After the lesson I take the opportunity to chat to the pupils about what they’ve learned in Science today.
Mr Smith’s class
They were learning about rocks and were testing them to see which were hardest. They had to give them a hardness score on a scale of 1 to 10. They scraped some rocks with a coin, and if nothing came off it was a low score, and if some did it was a medium score. They had a nail to hit the rocks with, and if some came off with the nail it was a higher score.
The first rock had a low score (2), the 2nd and 3rd rocks were medium (5 and 6) and the last rock was a high score because it was the hardest (8).
Mrs Jones’ class
They were learning about rocks and were testing them to see which were hardest. They were given 4 different types of rock; sandstone, marble, slate and granite. Sandstone is a sedimentary rock because its made from lots of small bits of sand or sediment pushed together. Marble and slate are metamorphic rocks which is what happens when other rocks get squashed down and heated up in the earth. Granite is an igneous rock and its made from magma that cools down.

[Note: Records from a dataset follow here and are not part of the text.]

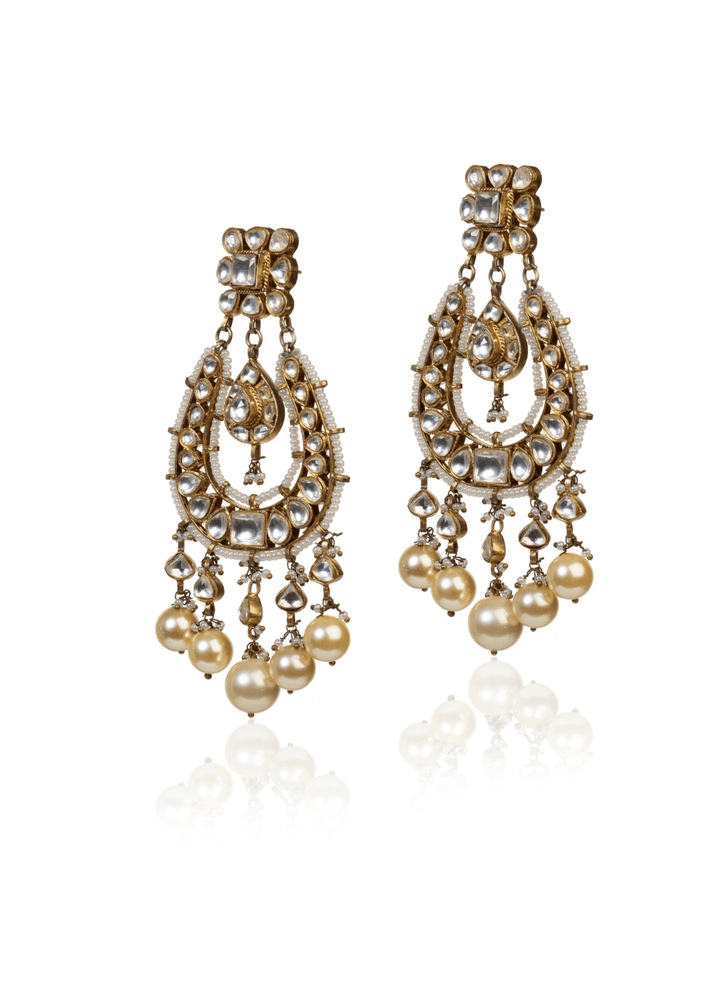 Square Chand Baali With Pearl Riana by Shikha Jindal - Fabilicious Fashion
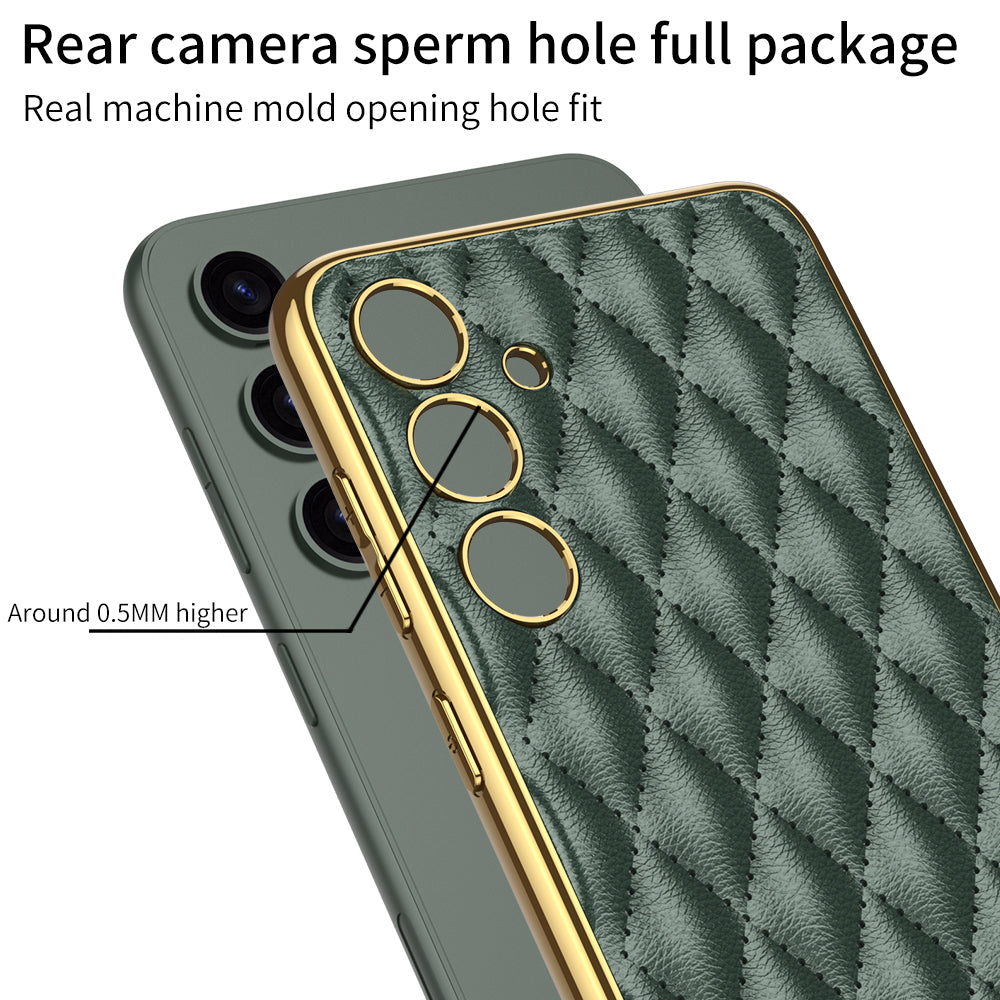 GKK Cell Phone Cases for Samsung Galaxy S24+ Stitching Rhombus PU Leather+TPU+PC Cover - Green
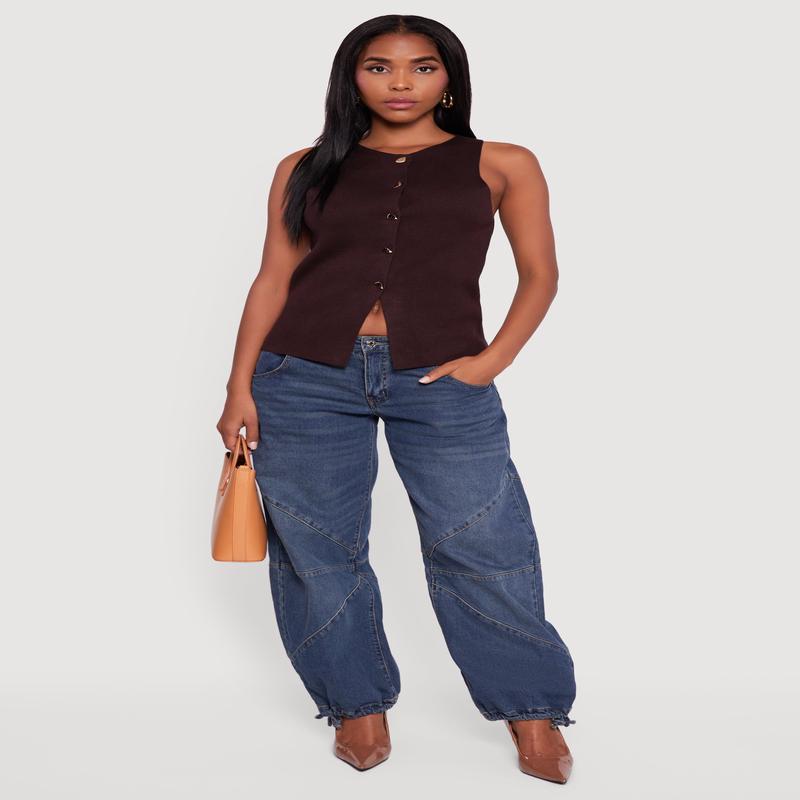 Metallic Button Front Sleeveless Sweater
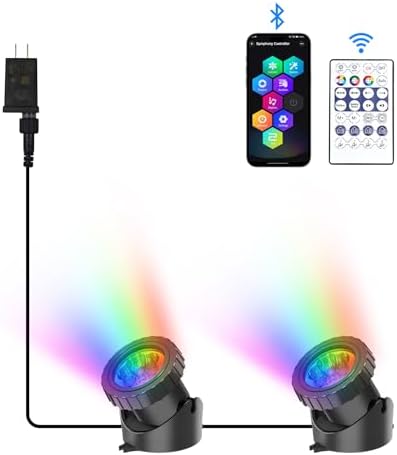 CREPOW RGB Underwater Pond Lights Set of 2 IP68 Waterproof Submersible Fountain Lights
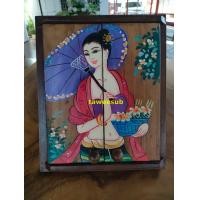 ราคา กรอบกระจกเพ้นท์ลายผู้หญิงล้านนา กระจกเงา กระจกกรอบไม้สัก กรอบกระจกไม้สัก (15832111740)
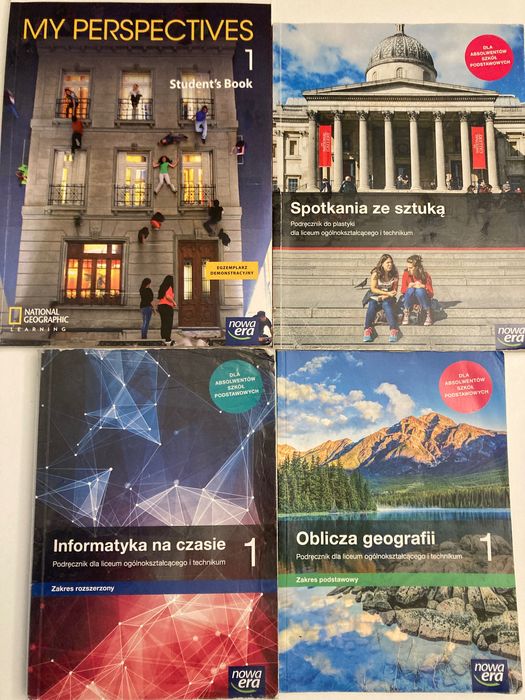 4 Podręcznika do liceum – 1 klasa - tanio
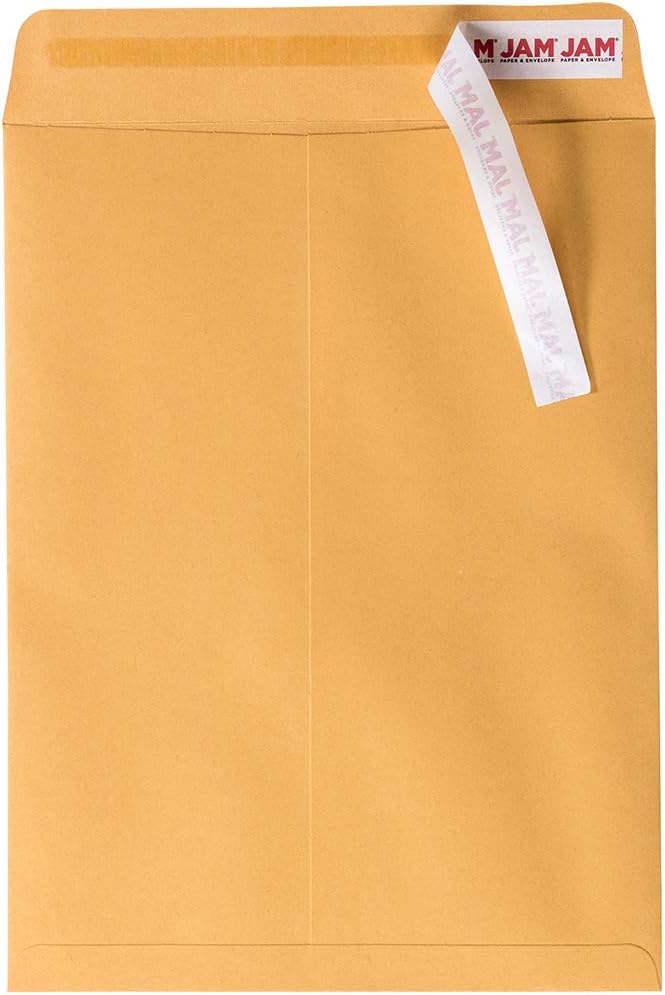 JAM PAPER 9 x 12 Open End Catalog Premium Envelopes with Peel and Seal Closure - Brown Kraft Manila - Bulk 250/Box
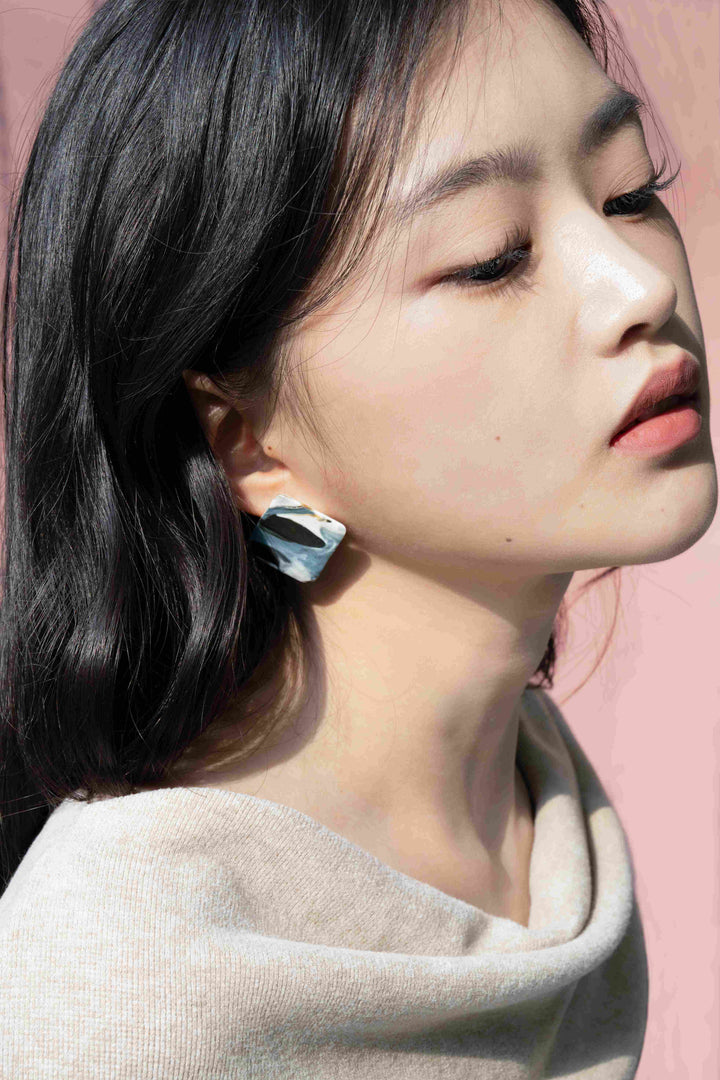 Ink Whisper Stud Earring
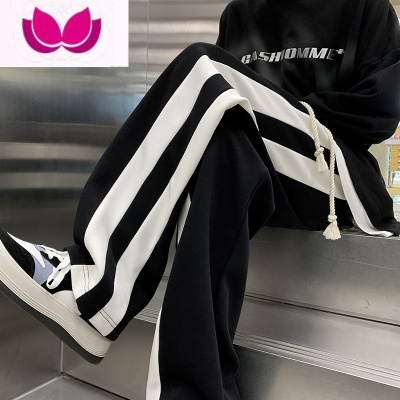 七斓美式条纹夏季休闲裤男高街ins痞帅直筒阔腿裤子运动拖地长裤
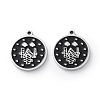 304 Stainless Steel Black Enamel Charms STAS-M102-17P-05-1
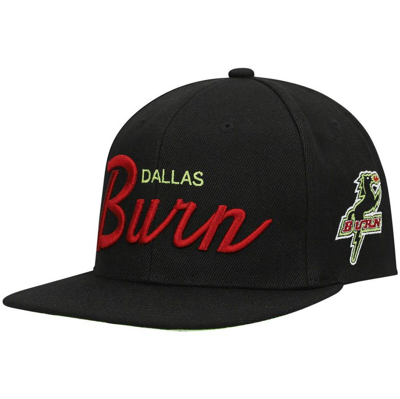 Mitchell & Ness Men's Black, Green Fc Dallas Historic Logo Since '96 Foundation Script Snapback Hat In Black,green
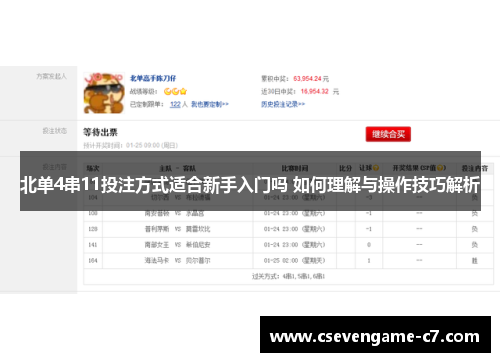 北单4串11投注方式适合新手入门吗 如何理解与操作技巧解析
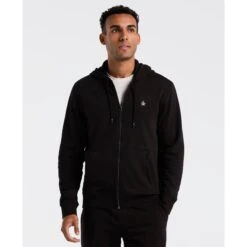 Original Penguin Sticker Pete Full Zip Hoodie In True Black(Sticker Pete Full Zip Hoodie Black Opkb0400gp 010)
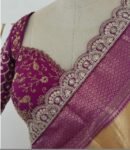 Pure Silk Hand Embroidered Blouse: Magenta Pink Zardosi Maggam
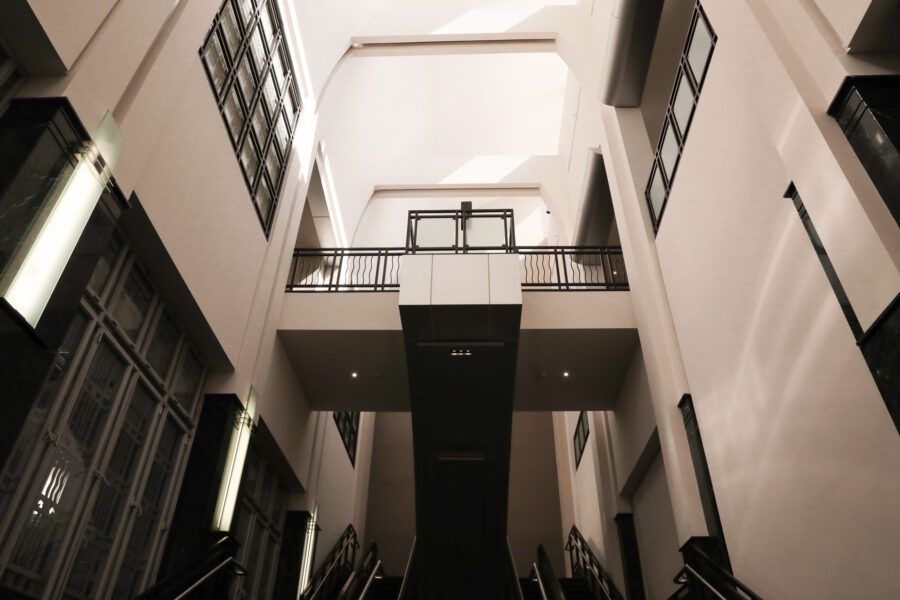 Upwards view of the vast space in the Frist foyer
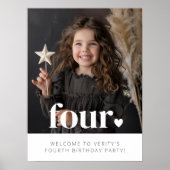 4. Geburtstag Herzstück Foto Begrüßungszeichen Poster (Vorne)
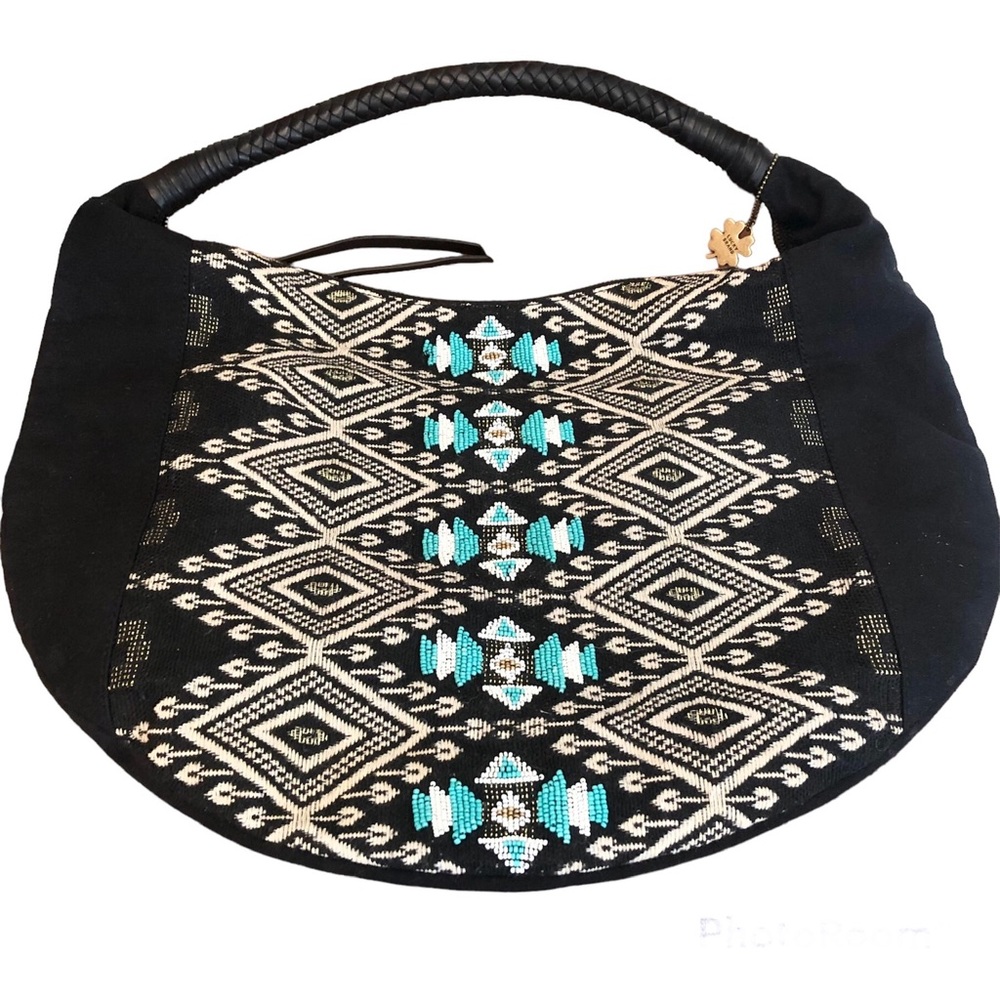 Lucky Brand Black and Blue Hobo Bag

They tested the hardness of the rocks by scraping them or hitting them with coins or nails. Mrs Jones spoke to them about how they could decide how hard the rocks were. They decided not to use a score, as there was no fair way of giving them a number from how easy they are to scrape. They decided to put them in order of hardness instead. They found that the igneous rocks where the hardest, then the metamorphic, and the sedimentary was softest.
What’s going on?
It was clear that both classes enjoyed the lesson, particularly the practical work, and they’d all learnt something, but there’s no denying there’s a difference in outcomes between the classes. So what happened?
Teachers prioritise the need to provide fun, awe and wonder moments that ensure children enjoy science. They are actively seeking to use and find great wow activities from internet ideas, video platforms and social media etc. These activities often stand alone and lack a relevant or appropriate curriculum rationale, with many relevant concepts inaccessible because the scientific explanation would be too abstract or complex. A clear rationale and articulation of why this activity is in this sequence of learning is not evident to the children or articulated by the teacher.Bianchi et al. The 10 key issues with children’s learning in primary science in England (2021)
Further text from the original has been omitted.